• [EXERCISE PROMPT]: Please return exactly the lines from the top of the data through the line that contains "Top-rated garden landscaping", and skip all pictures.

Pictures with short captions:
+---+

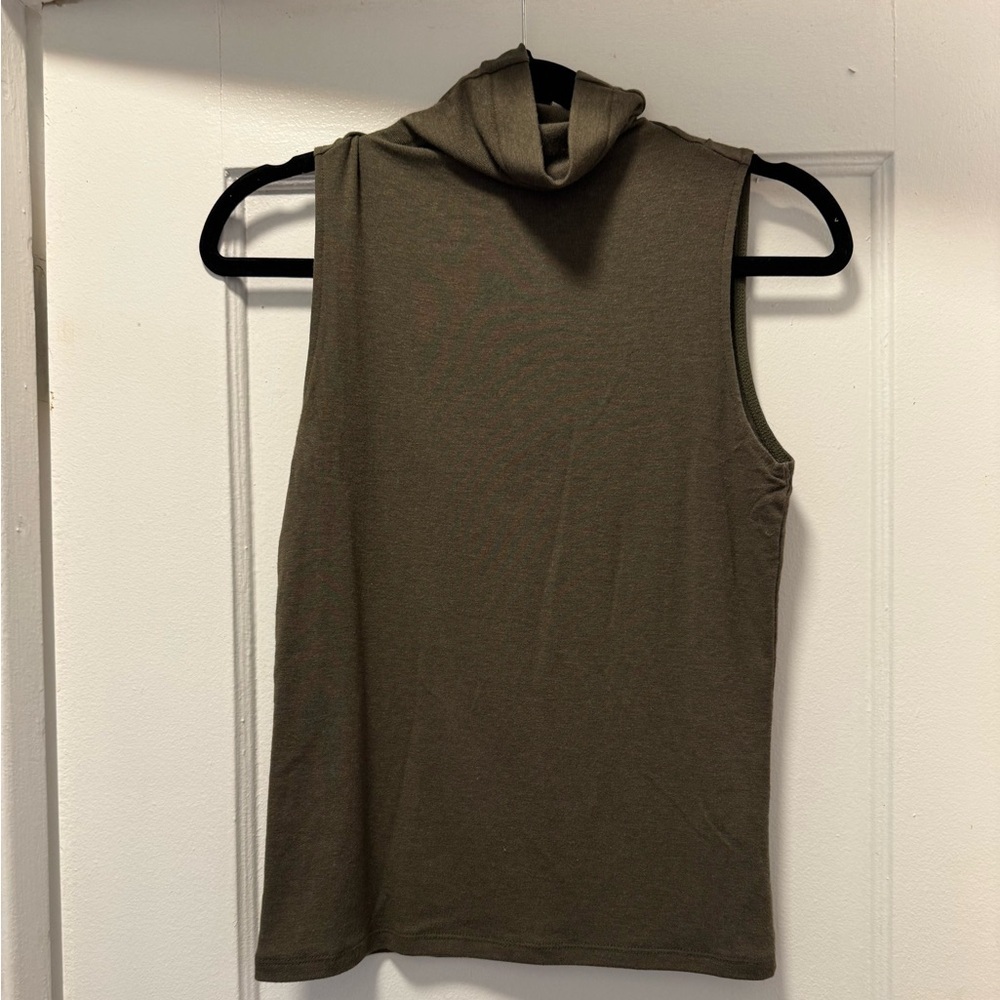 Vince Olive‎ Sleeveless Tank Top
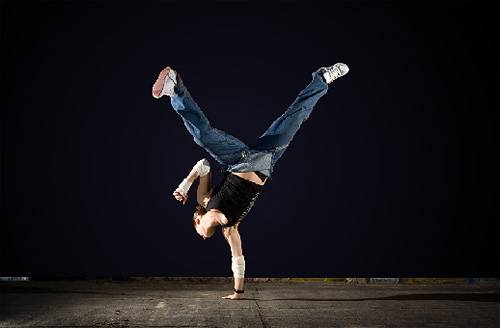 Танцор, окружённый цветным свечением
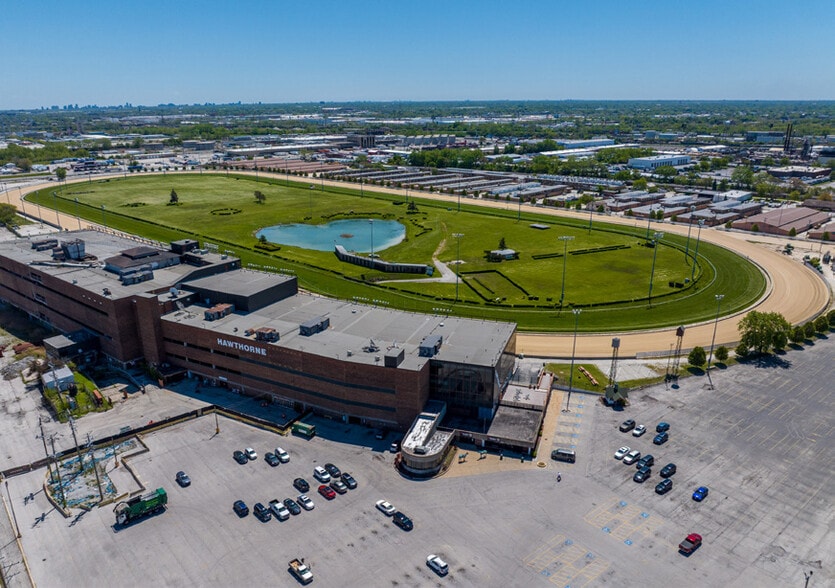 3501 S Laramie Ave, Cicero, IL for sale - Aerial - Image 2 of 4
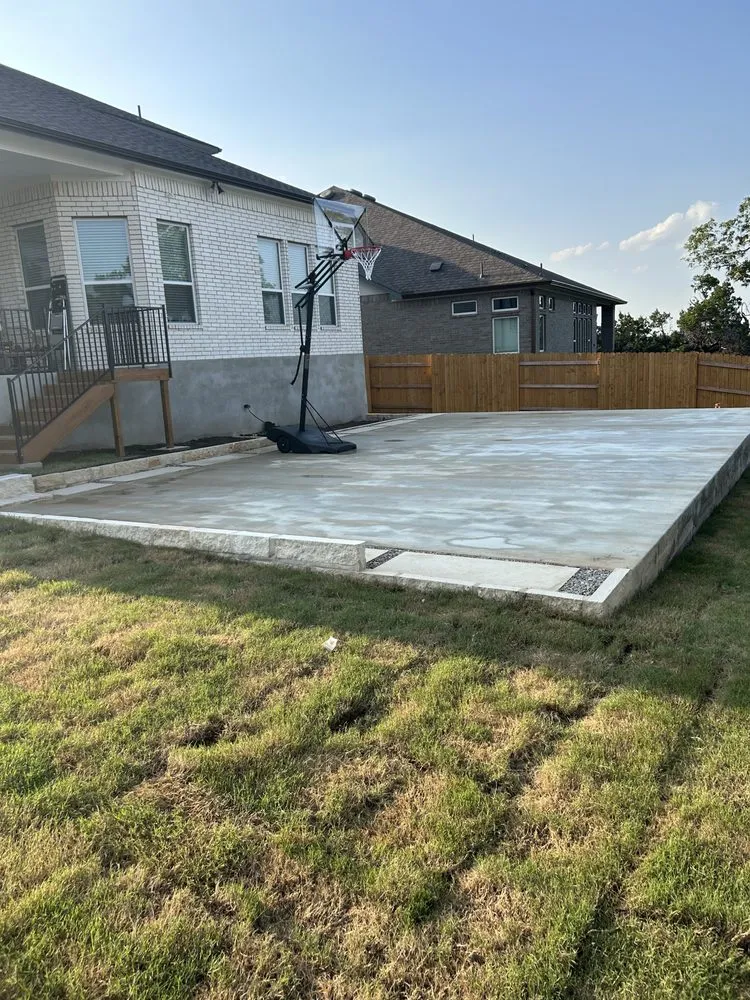 Top-rated garden landscaping for beautiful yards in Austin, TX by MK Stone and Landscaping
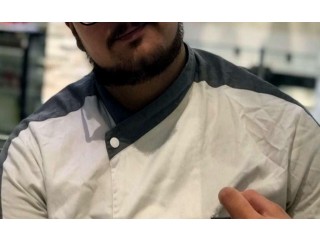 
                        سلام عليكم تونسي جنسية مقيم في الإمراة معايا دبلوم عون مطبخ و حلويات و مطاعم                                            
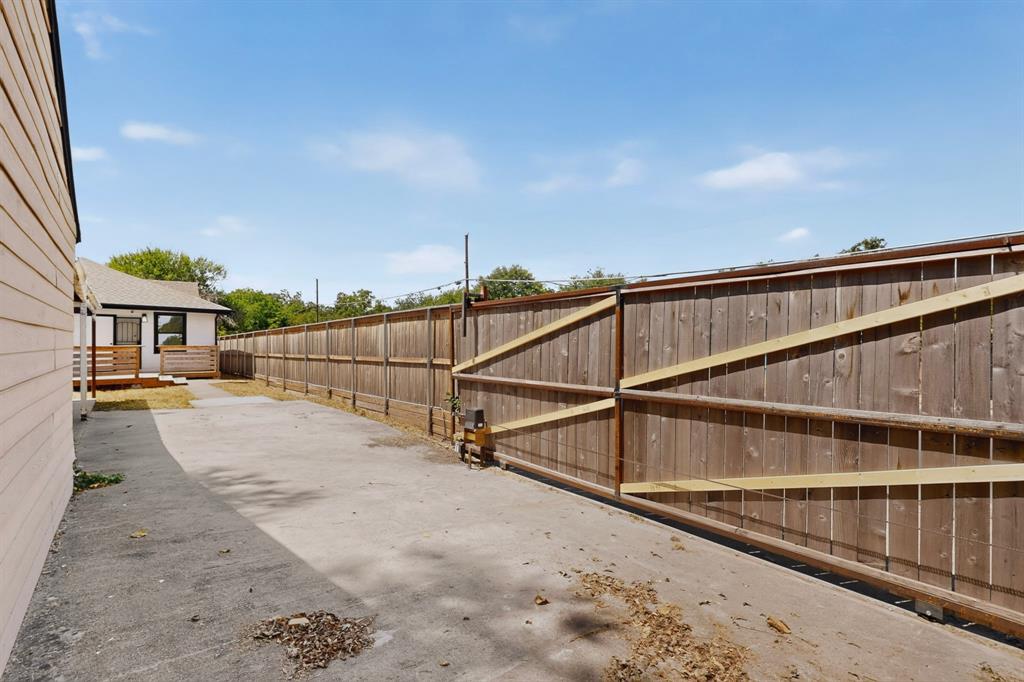 1100 S Brighton Avenue Property Photo 15
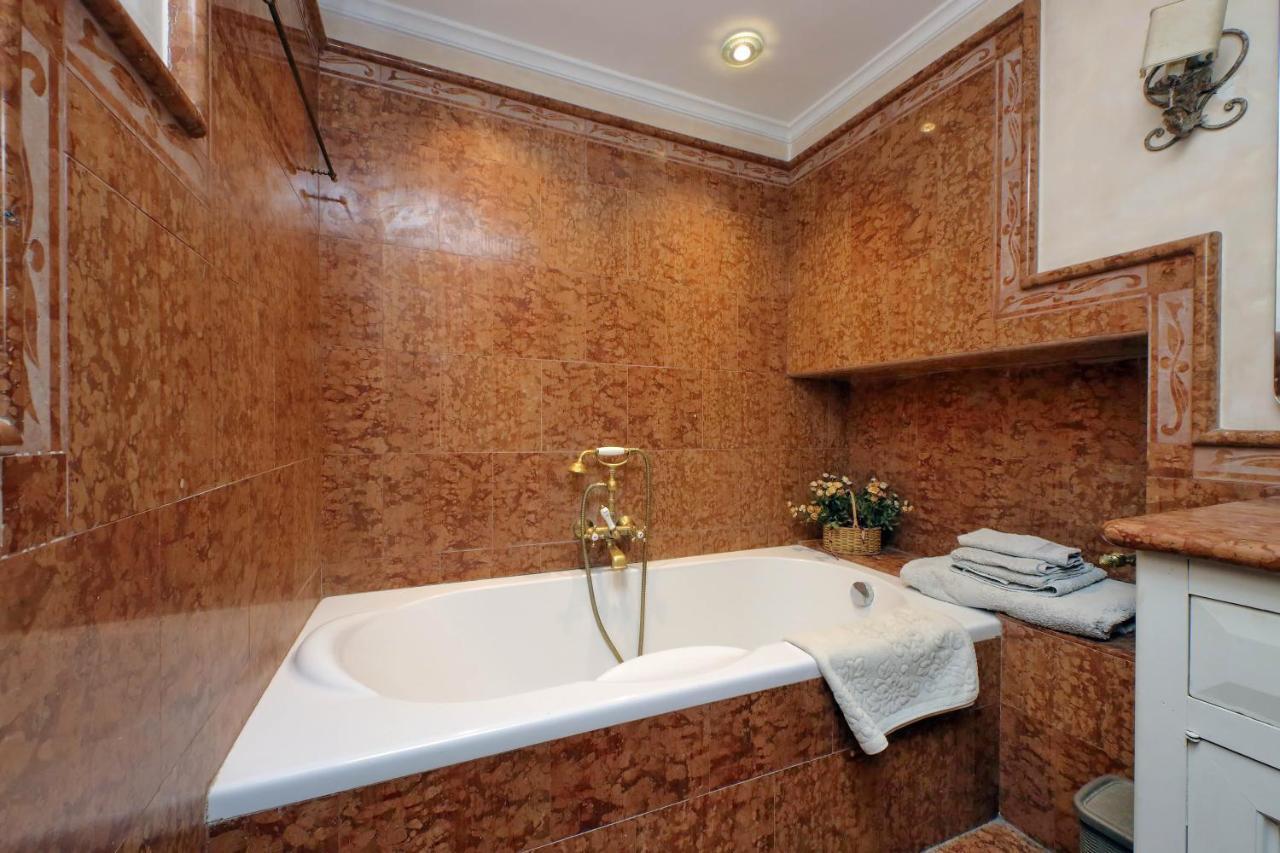 4Bnb - Luxury Trevi Apartment W Terrace Rome Luaran gambar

+---+

• [ANSWER TO THE PROBLEM]:
 Vince Olive‎ Sleeveless Tank Top
 Танцор, окружённый цветным свечением
 3501 S Laramie Ave, Cicero, IL for sale - Aerial - Image 2 of 4
 Top-rated garden landscaping for beautiful yards in Austin, TX by MK Stone and Landscaping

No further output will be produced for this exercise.